Authors. There are various widely used but inconsistent principles
for ordering the
authors’ names in the byline. I recommend strict descending
order of contribution, but you should
consider the expectations of your audience. Neuroscientists often put the student
first. Regardless
of how you order the names, all the societies encourage you to specify, in
acknowledgements,
what each author contributed. I now do that in all my papers. My favorite article on this topic is Riesenberg,
D., & Lundberg, G. D. (1990) The order of authorship: who's on first? JAMA,
264(14), 1857. Several important societies comment on current practice: APA (8.12
Publication Credit), Society
for Neuroscience (1.3.3), PNAS, and ICMJE (Uniform
Requirements for Manuscripts Submitted to Biomedical Journals).
Abstract. Convince the broadest possible audience that this is interesting
and important. In a few sentences, tell us what you did and what you conclude.

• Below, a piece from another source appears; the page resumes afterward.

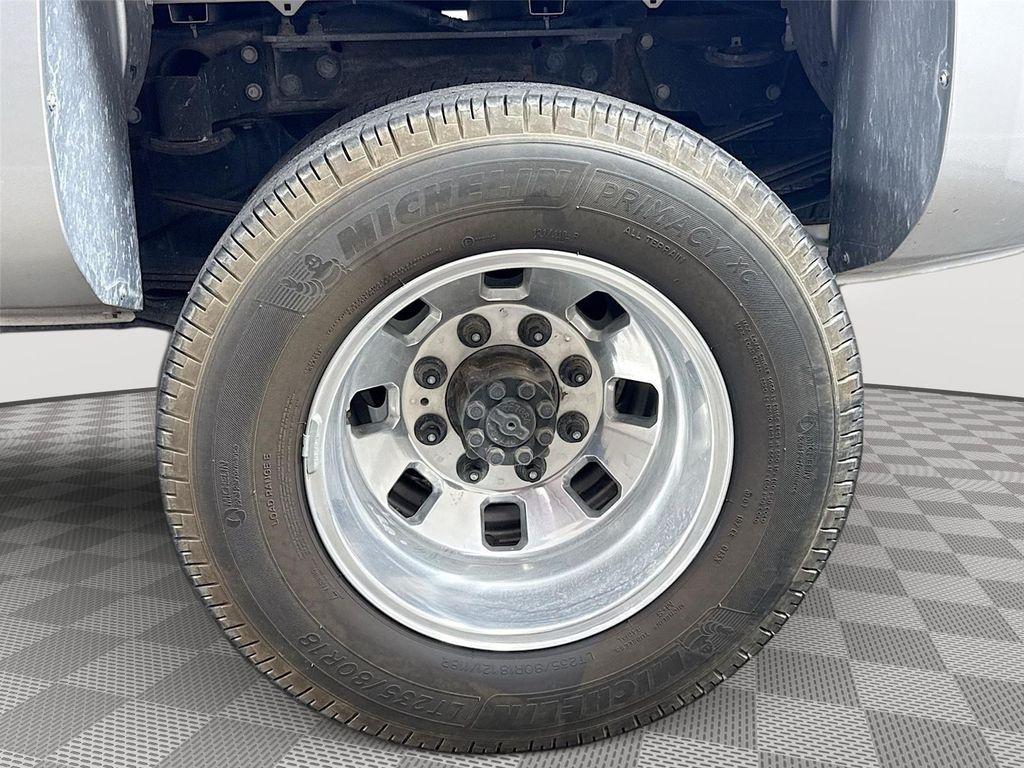 used 2019 GMC Sierra 3500 car, priced at $47,479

Bear in mind that most people considering whether to cite this paper will assume
that all the conclusions are present in the abstract. It is my impression that most citations, today, are based on reading just the abstract. The main measure used today for scientific impact is still the citation count. Thus, to some extent, like it or not, for assessment purposes, your scientific contribution is your abstract not the paper. So consider how well your abstract holds up on its own.
As noted above: Specify exactly what is the contribution of this paper. What will the reader believe after reading your paper that she didn't know before?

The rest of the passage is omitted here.